The event was designed to be as safe and socially distant as possible. Students were encouraged to bring blankets and snacks — in addition to the snacks provided by SOAR — and to use the open space available to remain six feet apart from other groups. SOAR members also repeatedly instructed attending students to continue to wear their masks when not eating or drinking. Charger Times reporters at the event didn’t notice any failure to comply with these instructions on the part of any students in attendance.
According to the Coordinator for Civic Engagement and Leadership William Hargrove, who helped plan the event, the goal was to reach out to more students and to have UAH classified as a Voter Friendly Camus through NASPA and the Campus Vote Project. According to Hargrove, about 80 students attended the event.
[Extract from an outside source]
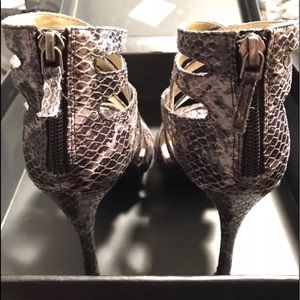 Nordstrom BP Heels 5.5 Gunmetal Purple Snakeskin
SOAR representatives reminded the audience to vote and handed out flyers with information about voter registration and vote-by-mail.
As college-age voters are a substantial demographic, projects such as Voter Friendly Campus and SOAR strive for greater civic engagement and education while being strictly non-partisan. “SOAR has big plans for civic engagement programming moving into next semester and onward,” Hargrove says. “The civic engagement programming has really taken off over the last year with the creation of book clubs, individual programming, and service opportunities; however, SOAR plans to create an environment on campus that finds a place for every student to plug into civic engagement in some way.”
Charger Times reporters noted a substantial turnout for supporters of both President Donald Trump and former Vice President Joe Biden. Members of the audience regularly cheered both candidates and laughed at certain noteworthy moments, but there didn’t seem to be much tension among the fortunately socially distant groups.
SOAR has previously hosted events such as talks on protesting, Netflix parties for relevant documentaries, and a recent town hall with Alabama Senator Doug Jones. According to Hargrove, there will be other events scheduled to boost voter engagement; notably, on election day there will be what Hargrove describes as a socially distant tailgate or a “Trail of Treats” between UAH and Trinity Presbyterian Church, the local polling location. There had been a plan to also screen the second presidential debate on the lawn, but the debate itself has been cancelled.
Hargrove has expressed his hope that events such as these will increase voter participation. “Voter education is one of three foundational components of SOAR’s Voter Friendly Campus Plan,” he explains. “The other pieces are voter registration and voter turnout. Through our voter registration efforts this semester in collaboration with entities across campus we have registered 261 voters.”
Update: This article originally mistakenly called SOAR an SGA-affiliated organization; it is in fact student-run and independent from SGA.